The narrative is equal parts external description — the stunning landscape, the people, the events — and internal evolution as she learns more about her privileged status as an American and how very abstract her interests are compared to the reality of what is needed.

Well-developed characters represent a variety of factions and opinions — Berkeley Anthropology Professor Bannerjee, with whom Parveen corresponds, maintains a liberal, but abstract and condescending view of the Afghani people; Lt Col Trotter, representing the US military, believes in the military goals to help the Afghan people and yet faces ever increasing resistance from the locals; Afghani Aziz interprets for the US military, desperate to keep his job and simultaneously keep things from blowing up. All treat the truth as something to be manipulated — Trotter explains that “war was about controlling the story as much as the territory”; Aziz does not interpret exactly but manipulates statements to be more acceptable to the other; Banerjee thinks nothing of betraying Parveen for the “greater good”; and Crane invented half of his “memoir” in order to sell books and inspire donations.
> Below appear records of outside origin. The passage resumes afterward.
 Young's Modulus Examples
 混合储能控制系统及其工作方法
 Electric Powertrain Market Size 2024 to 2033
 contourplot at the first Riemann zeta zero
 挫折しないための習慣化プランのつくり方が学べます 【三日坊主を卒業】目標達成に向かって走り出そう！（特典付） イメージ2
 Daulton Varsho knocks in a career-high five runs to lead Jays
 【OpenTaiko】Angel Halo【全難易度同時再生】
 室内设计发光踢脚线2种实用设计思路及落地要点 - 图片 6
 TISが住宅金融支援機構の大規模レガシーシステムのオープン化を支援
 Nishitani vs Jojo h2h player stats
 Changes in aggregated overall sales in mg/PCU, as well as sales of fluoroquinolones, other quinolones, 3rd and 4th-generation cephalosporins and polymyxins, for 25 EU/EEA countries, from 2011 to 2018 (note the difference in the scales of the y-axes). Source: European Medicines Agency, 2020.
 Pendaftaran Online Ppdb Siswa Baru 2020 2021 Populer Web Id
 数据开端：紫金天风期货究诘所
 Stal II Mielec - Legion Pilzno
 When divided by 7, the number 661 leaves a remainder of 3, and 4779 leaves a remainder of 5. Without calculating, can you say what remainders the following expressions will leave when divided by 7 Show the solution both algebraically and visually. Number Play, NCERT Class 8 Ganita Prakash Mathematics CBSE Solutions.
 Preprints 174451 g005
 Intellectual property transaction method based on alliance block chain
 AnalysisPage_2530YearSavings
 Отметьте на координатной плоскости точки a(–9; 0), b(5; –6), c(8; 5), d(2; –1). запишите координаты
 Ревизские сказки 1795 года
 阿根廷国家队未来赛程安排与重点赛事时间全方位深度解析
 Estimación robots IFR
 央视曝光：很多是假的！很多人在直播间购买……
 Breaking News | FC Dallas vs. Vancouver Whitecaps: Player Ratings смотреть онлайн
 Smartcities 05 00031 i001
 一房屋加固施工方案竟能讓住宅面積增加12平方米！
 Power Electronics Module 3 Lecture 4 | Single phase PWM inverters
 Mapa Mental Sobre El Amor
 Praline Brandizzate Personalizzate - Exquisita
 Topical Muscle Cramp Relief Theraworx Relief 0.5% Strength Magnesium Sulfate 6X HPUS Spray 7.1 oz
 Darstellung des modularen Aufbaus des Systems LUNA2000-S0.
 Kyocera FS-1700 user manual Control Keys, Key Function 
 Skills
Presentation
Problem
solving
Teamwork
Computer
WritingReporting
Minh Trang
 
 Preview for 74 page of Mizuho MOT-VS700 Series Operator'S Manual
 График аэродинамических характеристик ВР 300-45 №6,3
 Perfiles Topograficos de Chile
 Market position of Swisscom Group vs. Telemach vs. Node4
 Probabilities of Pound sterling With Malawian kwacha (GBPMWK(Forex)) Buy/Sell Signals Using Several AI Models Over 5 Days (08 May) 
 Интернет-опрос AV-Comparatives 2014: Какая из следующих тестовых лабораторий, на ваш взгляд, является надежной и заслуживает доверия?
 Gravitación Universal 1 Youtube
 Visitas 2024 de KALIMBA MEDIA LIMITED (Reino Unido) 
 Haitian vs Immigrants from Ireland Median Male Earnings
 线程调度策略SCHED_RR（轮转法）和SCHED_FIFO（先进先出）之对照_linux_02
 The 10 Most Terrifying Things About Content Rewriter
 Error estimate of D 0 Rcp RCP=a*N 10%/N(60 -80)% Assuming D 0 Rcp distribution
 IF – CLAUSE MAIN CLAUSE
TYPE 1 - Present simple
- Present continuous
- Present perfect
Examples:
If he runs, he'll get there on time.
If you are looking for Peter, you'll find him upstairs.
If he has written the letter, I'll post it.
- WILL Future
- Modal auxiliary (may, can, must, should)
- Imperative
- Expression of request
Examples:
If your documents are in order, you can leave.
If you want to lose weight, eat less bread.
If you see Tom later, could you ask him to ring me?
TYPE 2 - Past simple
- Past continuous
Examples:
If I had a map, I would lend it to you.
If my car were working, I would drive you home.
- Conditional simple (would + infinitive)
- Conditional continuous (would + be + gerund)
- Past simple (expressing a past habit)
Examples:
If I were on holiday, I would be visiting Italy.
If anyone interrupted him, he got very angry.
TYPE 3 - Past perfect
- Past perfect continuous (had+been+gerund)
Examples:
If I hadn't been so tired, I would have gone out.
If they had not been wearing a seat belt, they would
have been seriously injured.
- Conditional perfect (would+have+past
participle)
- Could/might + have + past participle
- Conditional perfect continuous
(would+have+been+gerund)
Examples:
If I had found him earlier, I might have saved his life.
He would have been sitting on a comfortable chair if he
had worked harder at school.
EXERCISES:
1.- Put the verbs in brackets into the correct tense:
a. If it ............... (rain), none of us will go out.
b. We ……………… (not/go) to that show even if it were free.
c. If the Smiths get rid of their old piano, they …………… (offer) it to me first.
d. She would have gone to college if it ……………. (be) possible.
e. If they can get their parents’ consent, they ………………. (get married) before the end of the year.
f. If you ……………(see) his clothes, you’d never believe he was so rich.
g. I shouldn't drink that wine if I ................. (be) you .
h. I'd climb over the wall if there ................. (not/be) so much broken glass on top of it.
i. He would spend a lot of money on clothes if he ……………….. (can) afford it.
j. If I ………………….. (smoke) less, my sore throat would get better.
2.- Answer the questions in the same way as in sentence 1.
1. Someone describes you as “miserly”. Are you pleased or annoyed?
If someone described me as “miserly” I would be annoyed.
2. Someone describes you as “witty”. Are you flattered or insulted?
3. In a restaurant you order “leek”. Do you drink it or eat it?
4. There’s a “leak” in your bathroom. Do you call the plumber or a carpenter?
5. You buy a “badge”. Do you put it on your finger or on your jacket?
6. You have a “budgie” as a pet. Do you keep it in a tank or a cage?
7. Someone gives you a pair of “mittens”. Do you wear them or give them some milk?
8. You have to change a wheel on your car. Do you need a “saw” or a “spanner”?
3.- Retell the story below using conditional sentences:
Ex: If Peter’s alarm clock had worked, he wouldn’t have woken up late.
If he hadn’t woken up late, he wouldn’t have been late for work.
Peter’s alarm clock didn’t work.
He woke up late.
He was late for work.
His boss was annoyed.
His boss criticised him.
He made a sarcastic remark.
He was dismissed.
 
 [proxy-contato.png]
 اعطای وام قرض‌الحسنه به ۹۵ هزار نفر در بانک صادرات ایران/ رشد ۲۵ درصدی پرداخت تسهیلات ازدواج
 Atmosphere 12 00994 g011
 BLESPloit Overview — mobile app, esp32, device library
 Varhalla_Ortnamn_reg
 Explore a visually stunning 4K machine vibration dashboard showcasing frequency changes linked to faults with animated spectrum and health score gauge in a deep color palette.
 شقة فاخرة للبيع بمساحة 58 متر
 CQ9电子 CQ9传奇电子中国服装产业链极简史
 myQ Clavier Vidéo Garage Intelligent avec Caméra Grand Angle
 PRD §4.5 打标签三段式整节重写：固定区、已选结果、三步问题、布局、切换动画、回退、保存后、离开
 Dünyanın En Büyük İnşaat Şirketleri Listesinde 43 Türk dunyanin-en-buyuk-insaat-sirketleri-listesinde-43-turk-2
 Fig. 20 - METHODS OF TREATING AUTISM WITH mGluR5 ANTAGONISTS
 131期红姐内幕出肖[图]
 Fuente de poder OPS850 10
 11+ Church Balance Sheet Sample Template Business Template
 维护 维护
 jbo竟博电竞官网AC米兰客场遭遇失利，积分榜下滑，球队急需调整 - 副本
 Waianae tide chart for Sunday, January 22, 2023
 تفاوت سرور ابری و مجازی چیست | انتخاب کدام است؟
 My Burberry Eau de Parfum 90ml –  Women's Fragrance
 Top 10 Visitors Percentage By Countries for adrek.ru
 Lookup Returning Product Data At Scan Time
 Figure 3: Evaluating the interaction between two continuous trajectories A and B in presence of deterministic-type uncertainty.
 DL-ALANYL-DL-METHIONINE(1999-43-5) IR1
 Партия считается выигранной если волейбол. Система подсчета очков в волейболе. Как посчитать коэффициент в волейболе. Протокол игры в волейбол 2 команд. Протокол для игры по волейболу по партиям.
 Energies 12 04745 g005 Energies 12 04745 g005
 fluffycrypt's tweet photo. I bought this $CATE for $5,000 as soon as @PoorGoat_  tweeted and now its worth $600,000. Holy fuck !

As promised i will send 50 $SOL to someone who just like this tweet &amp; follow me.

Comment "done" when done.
The writing is beautiful and well put together. The memoir style allows multiple layers to be exposed simultaneously — observations of the village and its inhabitants are simultaneously overlaid with anthropological commentary and Parveen’s exposition on her own growing awareness. I particularly appreciated the insightful and multi-faceted commentary about Americans on the global stage — motivations, approaches, and the sad contrast between laudable aims and failing implementations.

Overall, while I did not find this book uplifting or inspiring I did find it deeply educating. Highly recommended.

Good quotes:
“It bothers you Americans that the world is the way it is, doesn’t it?”

“The first time he’d met Dr. Gideon, he said, he also had to give his story. Americans collected and offered them like they were business cards.”

“In moments of clarity she understood that the village was a backdrop against which Americans played out their fantasies of benevolence or self-transformation or, more recently, control. She was as guilty of this as Trotter or Crane. She’d come to play at being an anthropologist, and play was all it had been, because at some point, without much thought, she’d set all her anthropological work aside.”

“The urge to intervene, a high of its own, was a hard habit to break. Salvation could become an addiction, too.”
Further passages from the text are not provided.